Griffin v. Pate: Does the meaning of “infamous crime” come down to what Justice Appel thinks?

by Ryan Koopmans | March 30, 2016

By Ryan Koopmans

This morning, the Iowa Supreme Court will hear argument over what kinds of felons (if any) can vote.  The Iowa Constitution  says that a person who’s been convicted of an “infamous crime” can’t be an “elector” (which means they can’t vote). But which crimes are “infamous”?

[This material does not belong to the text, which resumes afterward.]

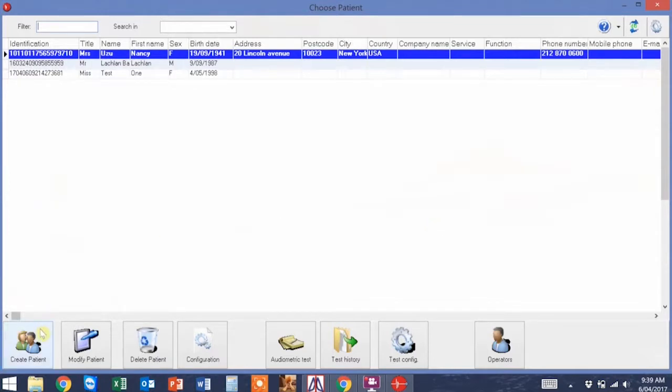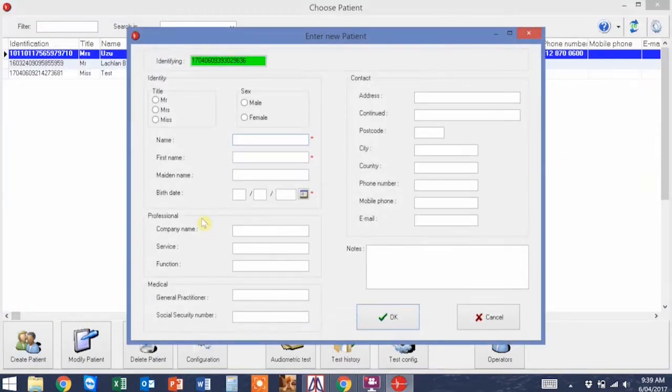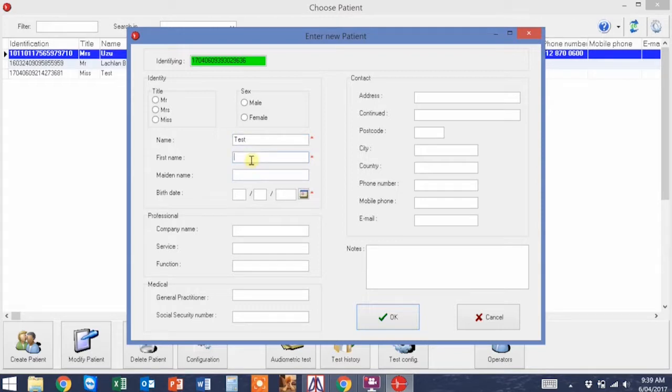Once in, create a new patient and enter the patient demographic. Once you are satisfied with this, press OK and then proceed.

Two years ago, a majority of the Iowa Supreme Court concluded that crimes don’t rise to infamy unless they fall into the felony category.  (So no misdemeanors). But the justices split evenly, 3-3, on whether the constitutional prohibition applies to all felonies: Chief Justice Cady and Justices Hecht and Zager concluded that felonies aren’t infamous unless they “might compromise the integrity of our process of democratic governance through the ballot box”; Justice Wiggins argued that any crime that carries a potential prison sentence is an infamous crime (that includes all felonies); and Justices Mansfield and Waterman concluded that all felonies are infamous.  (A more detailed summary of each position is here.)

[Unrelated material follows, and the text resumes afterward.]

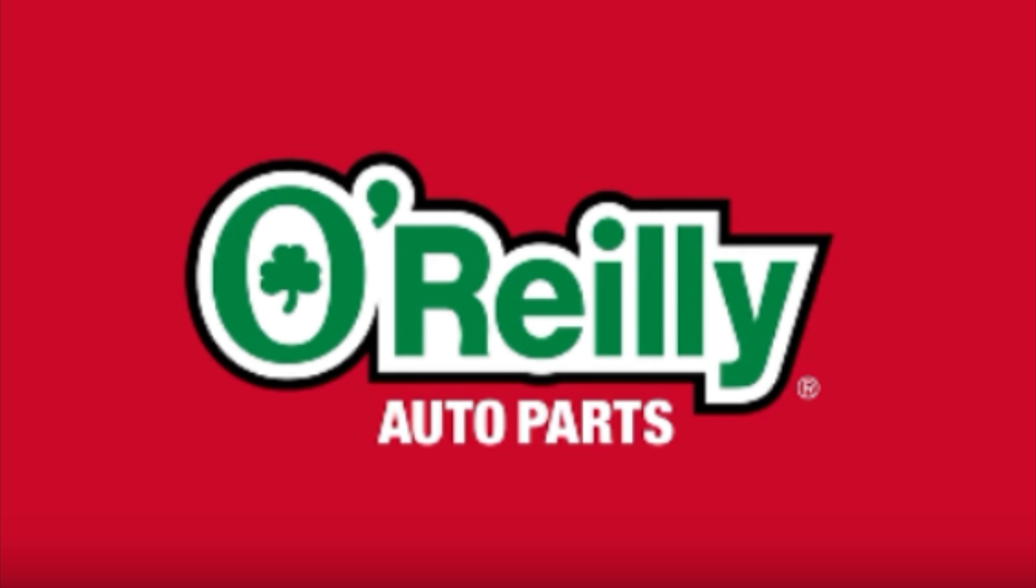Oh, oh, oh, O'Reilly! O'Reilly! Auto Parts!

Justice Appel was recused from the case (presumably because his wife was running for Congress), so we don’t know what he thinks about the issue.  As a result, it’s tempting to see this morning’s argument as an argument to one justice instead of seven.  Everyone else has weighed in, so it’s just a matter of where Justice Appel comes down, right?  

Maybe not.  When the Court took up this issue two years ago, the justices were moving at lightening speed.  They heard oral argument just five days after getting the appeal and only two days after receiving the appellee’s brief.  And they issued their decision (with the three separate opinions described above) just six days after oral argument. 

To put that into perspective, a constitutional case of this magnitude usually takes well over a year from appeal to final decision. And the justices usually give themselves at least three to four months after oral argument to work on their opinions.

So don’t be surprised if Justice Appel isn’t the only one who’s still wrestling with this issue.  Having had more than a couple days to think about it, some of the justices could easily change their mind.  It’s even possible (though still not likely) that we could get a unanimous ruling.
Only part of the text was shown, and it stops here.